Pehebiya Beach in Dickwella Sri Lanka

Is It Safe to Travel to Sri Lanka Right Now? All Your Questions Answered About Sri Lanka Travel Safety (2024)

Planning a trip to Sri Lanka in 2024? Read this first!

It almost pains me that this article is necessary these days, but I am constantly being asked “is Sri Lanka safe?” and “you’re bringing your baby to Sri Lanka? Really?”

It is my hope that with time this guide on Sri Lanka travel safety becomes obsolete, but I am fully cognizant of the reasons for any hesitations in planning a trip to Sri Lanka in 2024.

Walking with baby at Hiriketiya Beach in Sri Lanka

After all, we were plagued by the same concerns when we saw the international news headlines about 12-hour long power cuts, police road blocks and a lack of medication and food in Sri Lanka in mid-2022. Coupled with the protests in Colombo over the spiraling economic crisis, we eventually decided to postpone our summer trip to Sri Lanka in 2022.

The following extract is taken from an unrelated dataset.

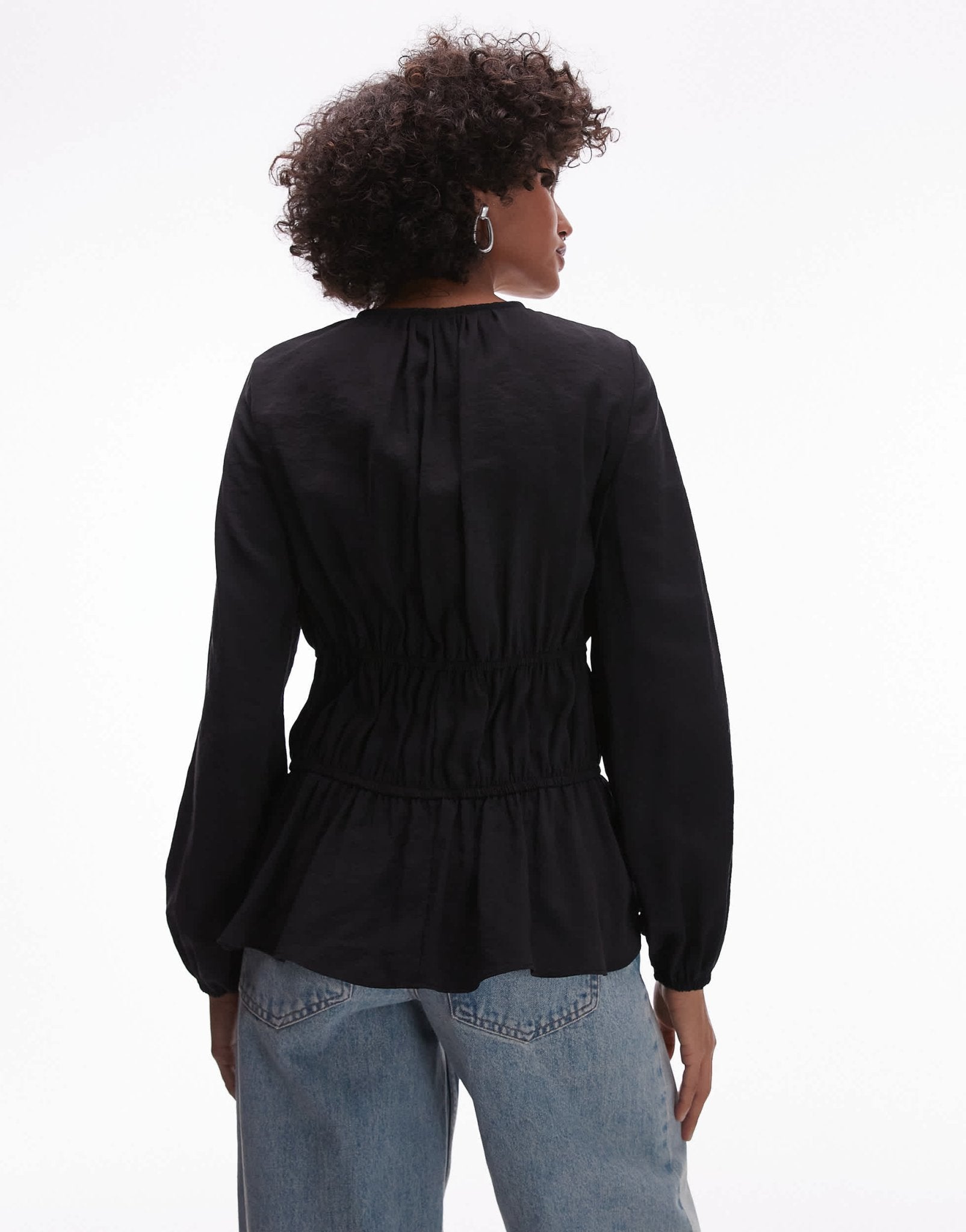 Topshop soft touch tie front tiered top in black - ASOS Sample Sale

Fishing boats on Hiriketiya Beach in Sri Lanka

Fast forward a few months later to October 2022, the conversation about Sri Lanka travel safety took a huge turn and is already significantly different. We have since traveled back to our beautiful island home on the south coast in October 2022; January, April, June and October of 2023; and we are spending all of February 2024 here as well! I’m very happy to share some first-hand experiences to help you decide whether visiting Sri Lanka is safe and a good idea for you.

Trust me when I say that the situation in Sri Lanka, although fluid and far from being resolved, is much improved. As a tourist, visiting Sri Lanka now is likely to pose certain travel inconveniences but your personal safety is unlikely to be in jeopardy as a result of the political situation if you are simply planning an island getaway in some of Sri Lanka’s best tourist destinations.

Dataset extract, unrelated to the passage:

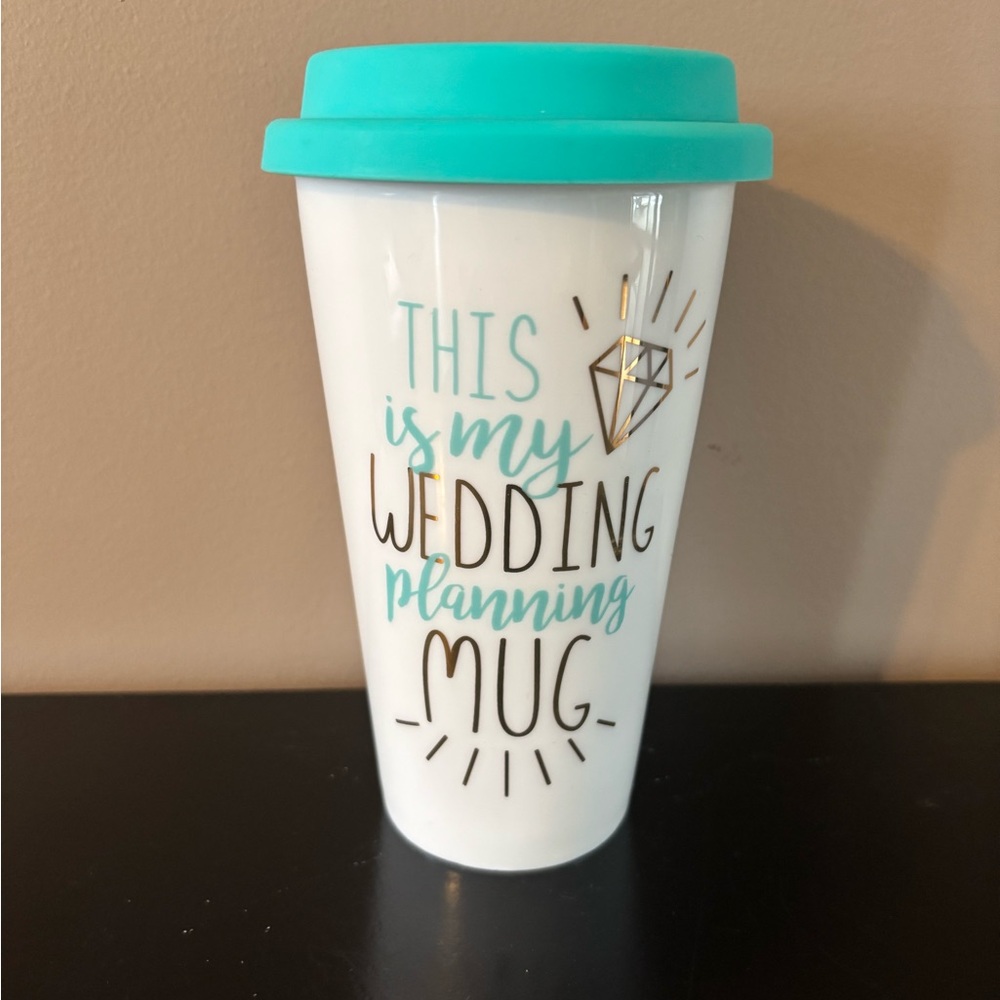 Wedding Planning Mug with Teal Lid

First of all, let me preface this guide with this statement: we all have a very different comfort level when it comes to travel safety, and slightly different definitions of whether a destination is safe to visit or not.

Women walking in front of Galle Lighthouse in Sri Lanka

If you are asking yourself, “is it safe to travel to Sri Lanka now?” you will need to understand that what I may deem an acceptable level of risk may not be an acceptable risk to you. With that in mind, let’s dive straight into the main topic!

Sri Lanka is a safe travel destination

But there are a few things you should know regarding safety and security before traveling to Sri Lanka. Let’s get started with a little bit of background:

Sri Lanka has made international news headlines a few times since the end of the 20-year long civil war in 2009: a 10-day state of emergency was declared in March 2018 due to violent unrest between the Buddhist and Muslim communities in Kandy; political unrest and protests took place in late 2018; and several hotels and churches in major cities in Sri Lanka were attacked on Easter Sunday in 2019.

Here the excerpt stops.